To provide further practical evidence that the method does not require knowledge of boundaries, we present a new benchmark called StreamingPermutedMNIST-Hard. This benchmark does not provide any boundary between tasks. From the full data stream of tasks, we create random chunks of sequential data and provide them to the methods for continual learning. We execute an evaluation after the complete data stream, considering held-out splits composed of all tasks. We report the average accuracy across them (equivalent to the t = 10 column in Tables 2 and 3 of the paper). The Table below shows the empirical results over 10 seeds. We observe no negative impact in the VCL/TD-VCL methods in comparison with PermutedMNIST-Hard. In fact, some methods improved performance, because we are likely replaying the same task into different chunks, alleviating the catastrophic forgetting challenge. The proposed objectives still outperform all other methods.
StreamingPermutedMNIST-Hard:
| Method | t = 10 |
|---|---|
| Online MLE | 0.54 ± 0.09 |
| Batch MLE | 0.64 ± 0.09 |
| VCL | 0.82 ± 0.05 |
| VCL CoreSet | 0.85 ± 0.04 |
| N-Step TD-VCL | 0.89 ± 0.02 |
| TD(λ)-VCL | 0.89 ± 0.02 |
Q9 Does TD-VCL assume knowledge of task information?
A9 Following the answer to the previous question, we argue that the TD-VCL objective does not require task information. We have a single replay buffer for all tasks, and the data is mixed. We also make sure that the newly introduced benchmarks (PermutedMNIST-Hard, SplitMNIST-Hard, SplitNotMNIST-Hard) are all built with single-head classification architectures.
Q10 How does TD-VCL relate to/address "catastrophic interference"?

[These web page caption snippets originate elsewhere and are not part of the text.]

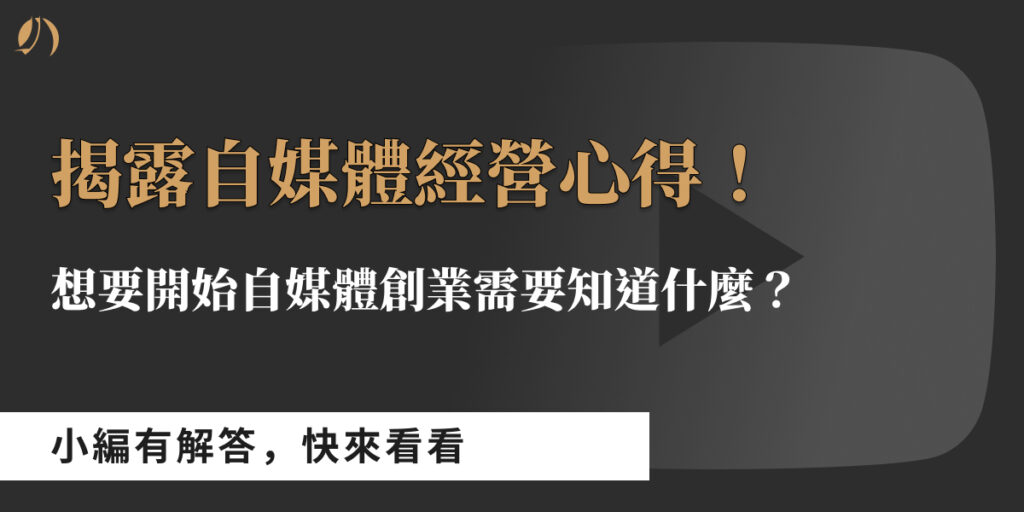 自媒體經營心得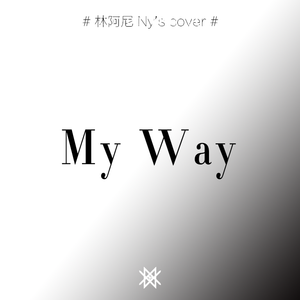My Way（粤）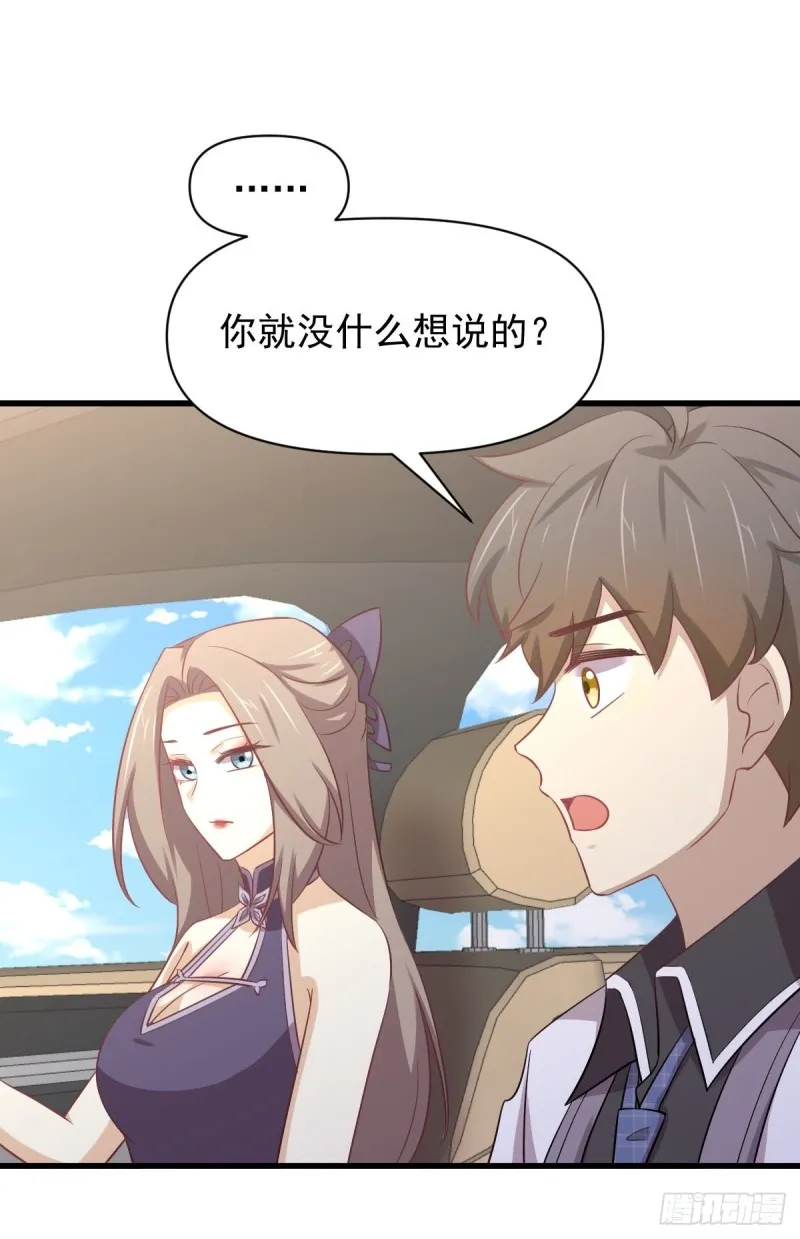 第215话 下定决心 第17页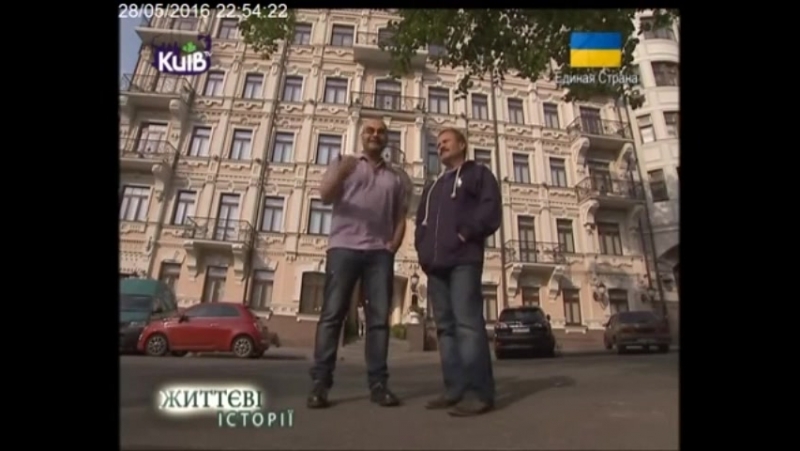 Володимир porn video – Життєві історії володимир бистряков (2016)
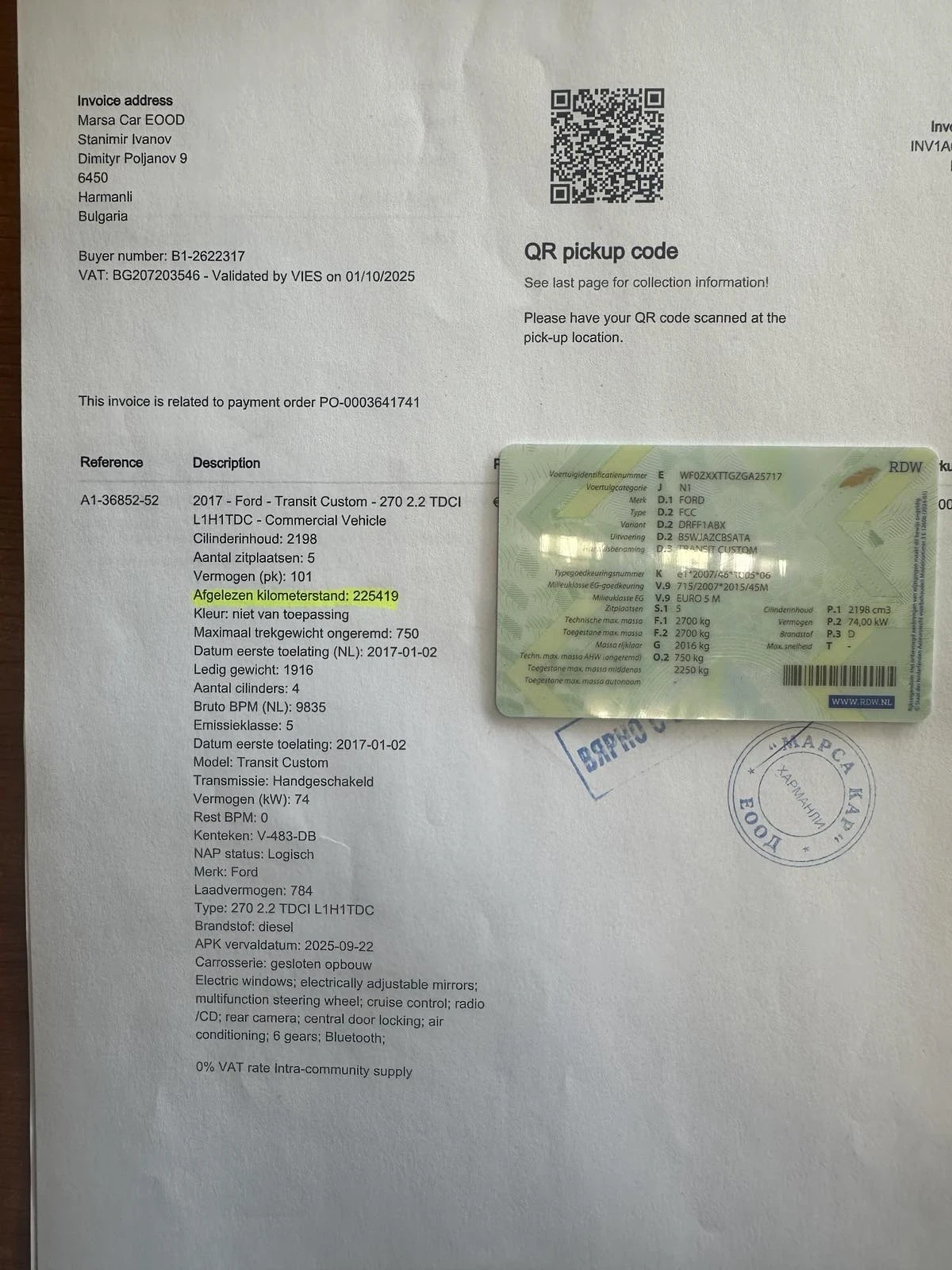 Ford Transit Custom | Mobile.bg   15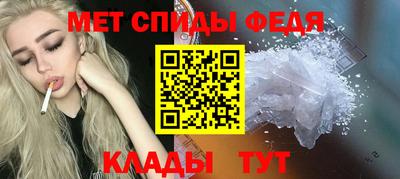мдпв Тверь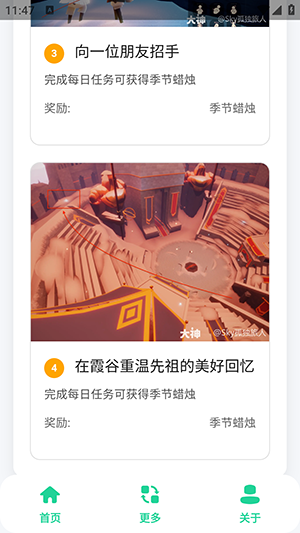 光遇攻略助手 图3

A10 We found the formal definition of catastrophic interference and catastrophic forgetting to be equivalent, as in [7, 8]. We believe the question relates to negative transfer between tasks, i.e., learning a new task negatively correlates with learning another one.
Such task interference is often associated with representational incompatibility: the features learned to solve task A may not align with useful representations for task B. Therefore, feature reusing becomes misleading, which affects performance in negatively correlated tasks. We argue that this representational incompatibility is due to learning tasks in isolation: when solely learning task A, the optimization disregards task B. Alternatively, if we have a learning signal from both tasks simultaneously, then this issue is alleviated.
In this sense, we believe that the TD-VCL objective addresses such interference by allowing multi-task learning via a replay buffer that naturally emerges in its design. By replaying past tasks, the objective ensures that the learned representation does not completely disregard them, even if the buffer is tiny and limited.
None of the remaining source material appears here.